§ Source material
-------------------------

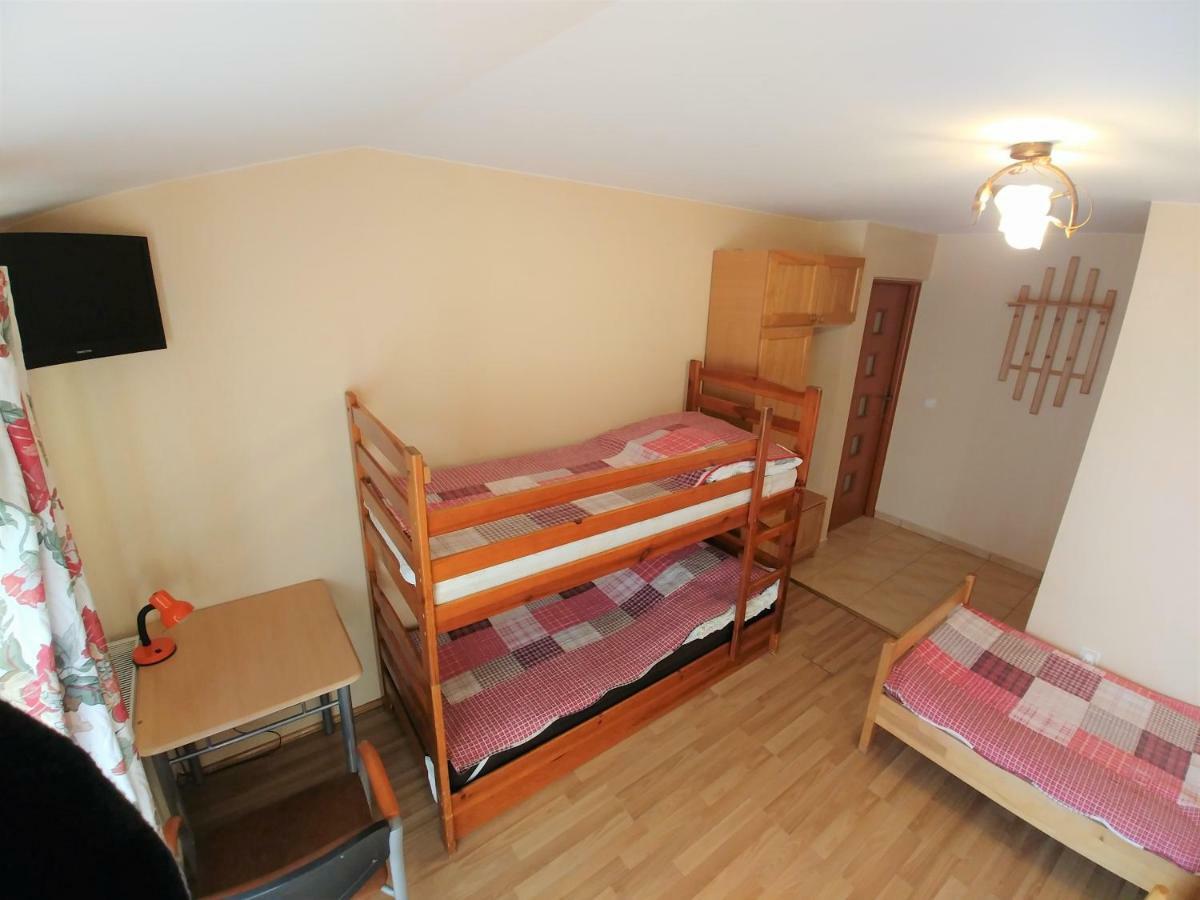 Pyzowka U Zosi Bed & Breakfast エクステリア 写真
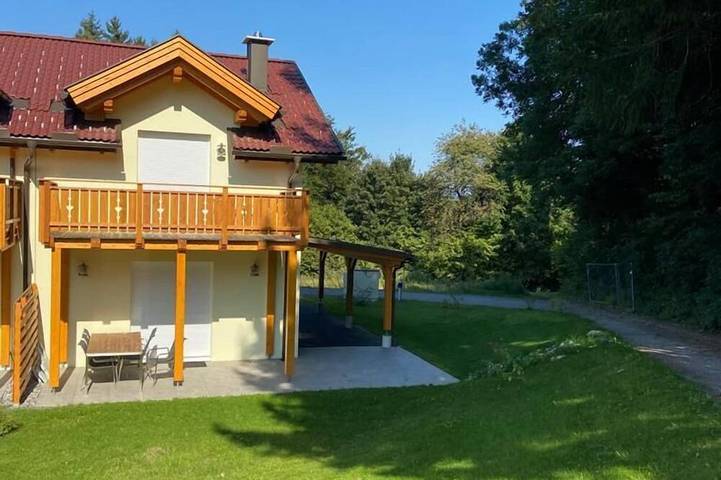 Villa für 8 Personen, mit Garten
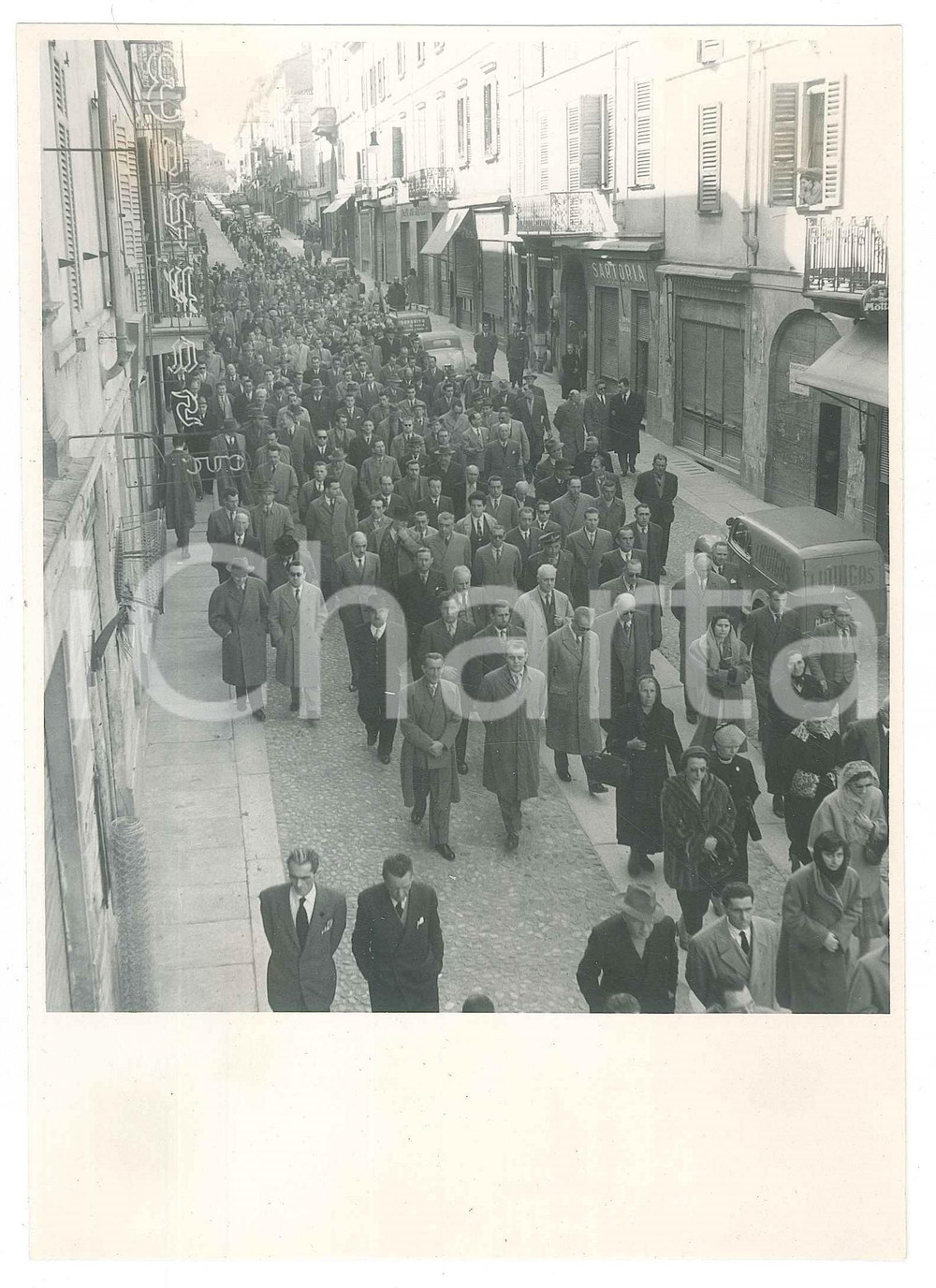 Fotografia d epoca originale 1950 ca STRADELLA PV Corso XXVI Aprile  Corteo funebre 4 Foto 12x17 cm 1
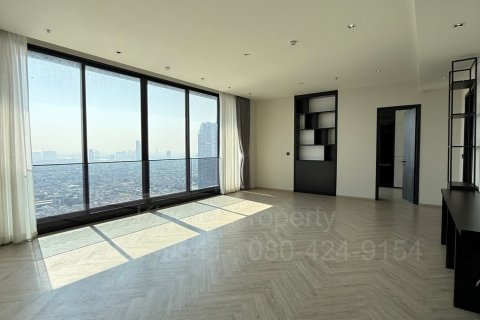 คอนโดมิเนียมในคลองสาน, กรุงเทพฯ, ประเทศไทย, 3 ห้องนอน № 123929 - รูปถ่าย 17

-------------------------

Omit the images; transcribe the listing verbatim.

§ Reply to the task
 Pyzowka U Zosi Bed & Breakfast エクステリア 写真
 Villa für 8 Personen, mit Garten
 Fotografia d epoca originale 1950 ca STRADELLA PV Corso XXVI Aprile  Corteo funebre 4 Foto 12x17 cm 1
 คอนโดมิเนียมในคลองสาน, กรุงเทพฯ, ประเทศไทย, 3 ห้องนอน № 123929 - รูปถ่าย 17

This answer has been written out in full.